+++ Supplied material
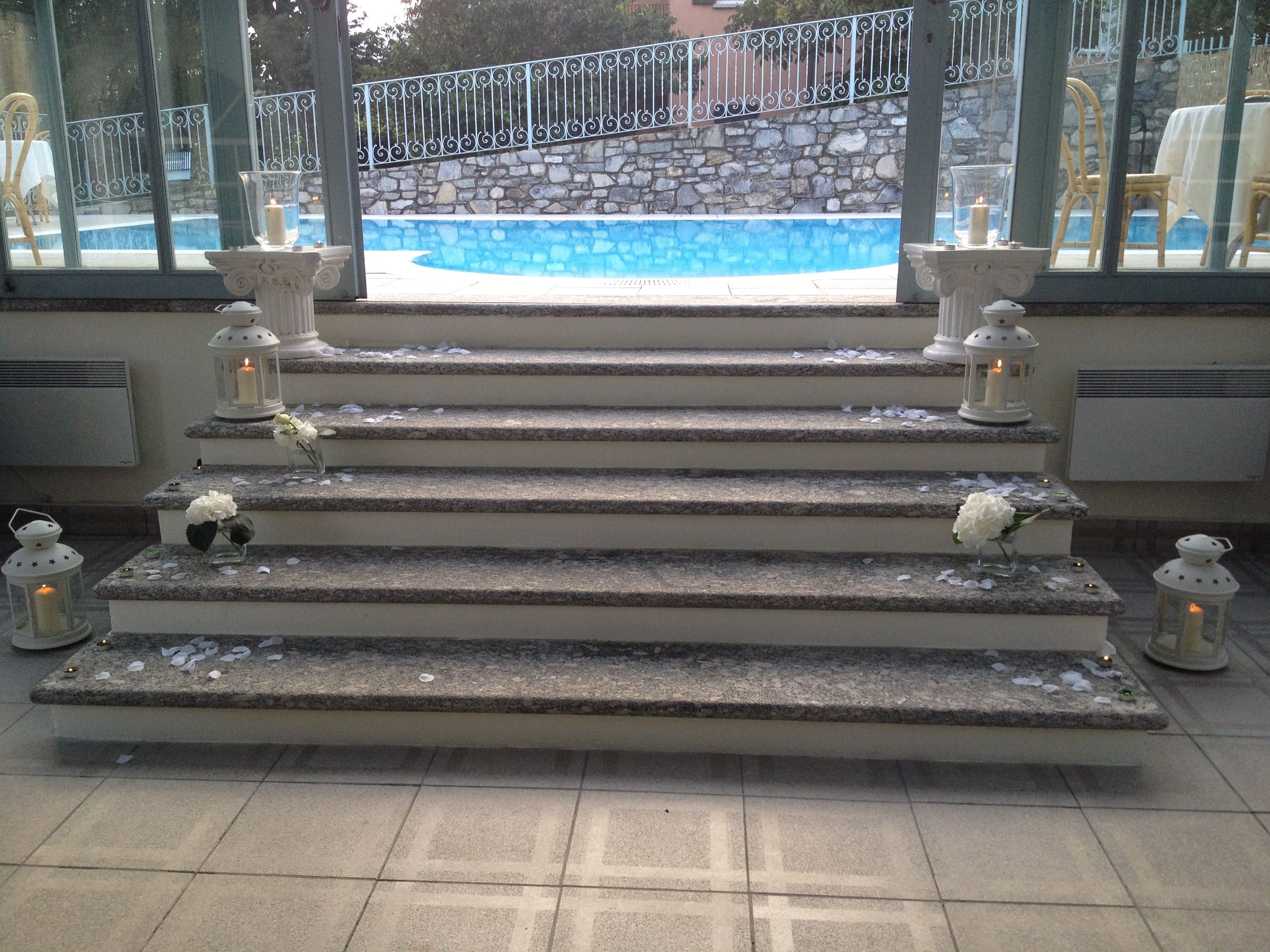 Un escalier en pierre menant à une zone abritant une piscine, avec des lanternes et des fleurs disposées sur chaque marche.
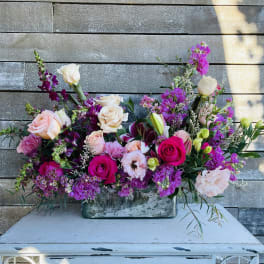 Large mixed bouquet of pink, purple, and white flowers in a rectangular vase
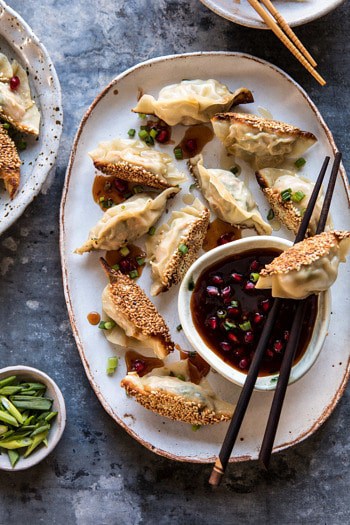 Ginger Sesame Chicken Potstickers with Sweet Chili Pomegranate Sauce.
++++++
> What you should do: Starting with the line that holds "Large mixed bouquet", transcribe exactly each line through the last one of the material above, and nothing else. Do not include pictures.

> Exercise result:
 Large mixed bouquet of pink, purple, and white flowers in a rectangular vase
 Ginger Sesame Chicken Potstickers with Sweet Chili Pomegranate Sauce.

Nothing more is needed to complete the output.